* **Your assignment**
The copy must match the data word for word and contain no pictures.

Captioned web images
___
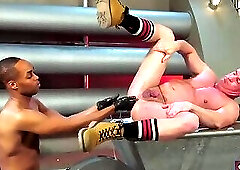 Coach agrees to gaping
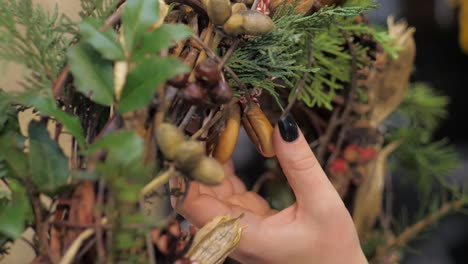 florista en el trabajo. cómo hacer una corona de navidad con arreglos florales. paso a paso, tutorial
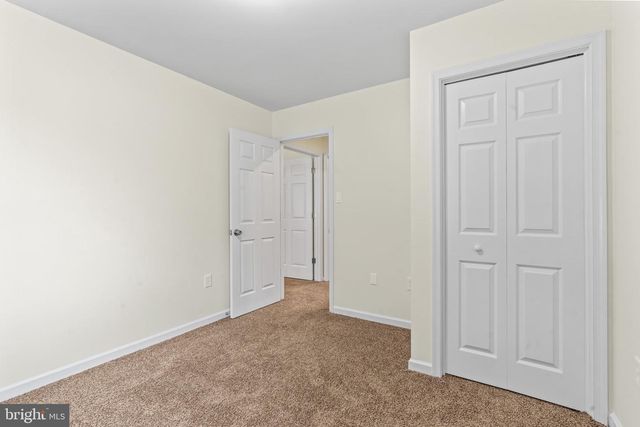 1213 S POINTE DR, Hagerstown, MD 21740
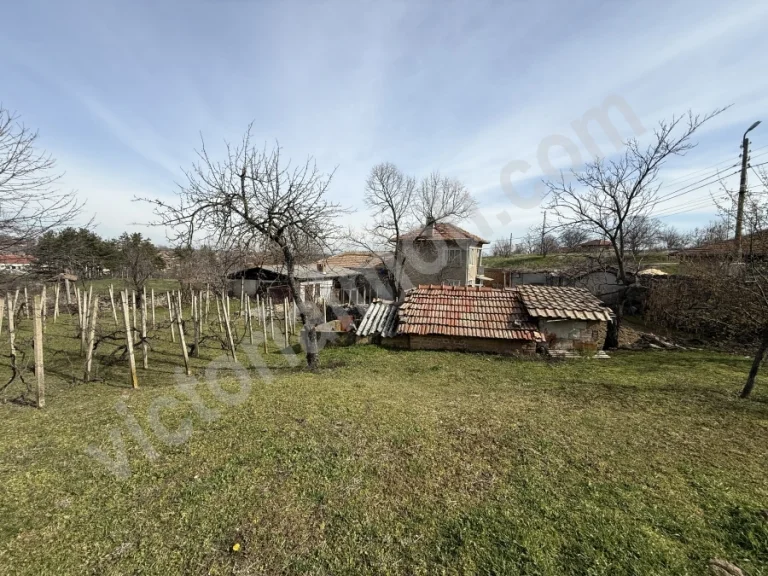 Къща за продажба Велико Търново област с.Самоводене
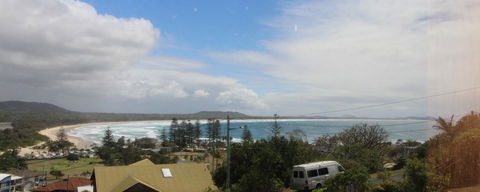 Bally High, 20 Dulconghi Street - Accommodation in Surfers Paradise 7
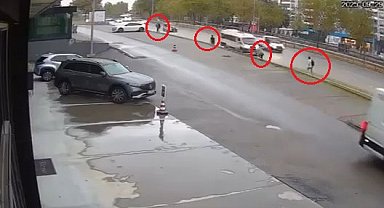 Kamyonetin çarptığı servis minibüsü yayaların üzerine savruldu; kaza kamerada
___
* **Written answer**
 Coach agrees to gaping
 florista en el trabajo. cómo hacer una corona de navidad con arreglos florales. paso a paso, tutorial
 1213 S POINTE DR, Hagerstown, MD 21740
 Къща за продажба Велико Търново област с.Самоводене
 Bally High, 20 Dulconghi Street - Accommodation in Surfers Paradise 7
 Kamyonetin çarptığı servis minibüsü yayaların üzerine savruldu; kaza kamerada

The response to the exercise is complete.